If we take something as simple as CineBench R20 (everyone’s favorite), the Intel CPU in 45 W mode scores 730, while the AMD CPU in 45 W mode scores 613, only matching Intel’s previous generation. That’s partly due to the single threaded power consumption on both platforms – while AMD is using 12.9 W on the cores (23 W package) to reach one thread at 4850 MHz, and doesn’t improve single thread performance in higher power modes, Intel does gets a performance uplift going from 45 W to 65 W, suggesting that the single thread power consumption is up in that region.
The same applies for multi-threading – in a lot of our benchmarks we see that AMD scores minor gains going from 35 W to 45 W to 65 W, indicating that the efficiency point is really around that 35 W metric. But when we scale that up to the multi-threaded tests, Intel can scale power for additional performance a lot more, but also wins as it has a total of 20 threads, compared to AMD’s sixteen. This means at the end of the day Intel can get +40% performance at the same power in benchmarks that can take advantage of its core structure, but only +14% in other tests (like SPEC) despite having +25% more cores.
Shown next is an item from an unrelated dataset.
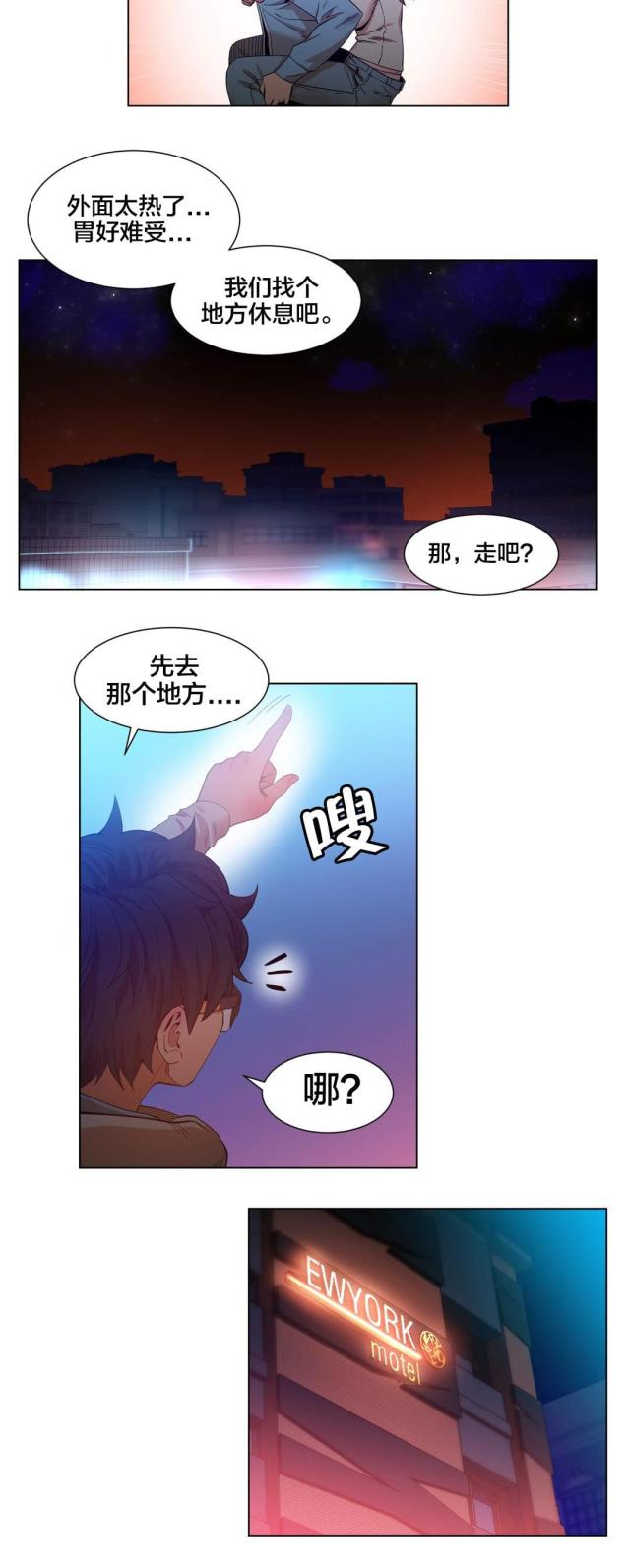 《魅魔live》第49话 第20页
While we haven’t touched battery life or graphics in this article, instead looking at CPU performance, we can see that realistically AMD is finding a good optimization point around that 35 W mark with this new Rembrandt chip. Pushing for more power gives minor performance uplifts, suggesting it isn’t really that scalable, but when we combine the new updated SoC with the move to DDR5, it’s still a great performer. In fact, both Intel and AMD chips seem to be amazing this generation, and if you’re in the market for a flagship, CPU performance is everywhere. But right now, Intel seems ahead at the high-end.
What’s going to be interesting here is testing the 15 W versions of the latest platforms. AMD still has 8 core processors, with all 8 cores being big cores, whereas Intel has moved down to 2 big cores paired with 8 efficient cores. We might see the tides shift the other direction allowing AMD to be more scalable, pushing 15 W or higher modes with more performance, while Intel relies on the efficient cores to pick up the rest of the workload. Ultimately this is where the battle really matters, as this is at the price points where most notebooks are going to be sold.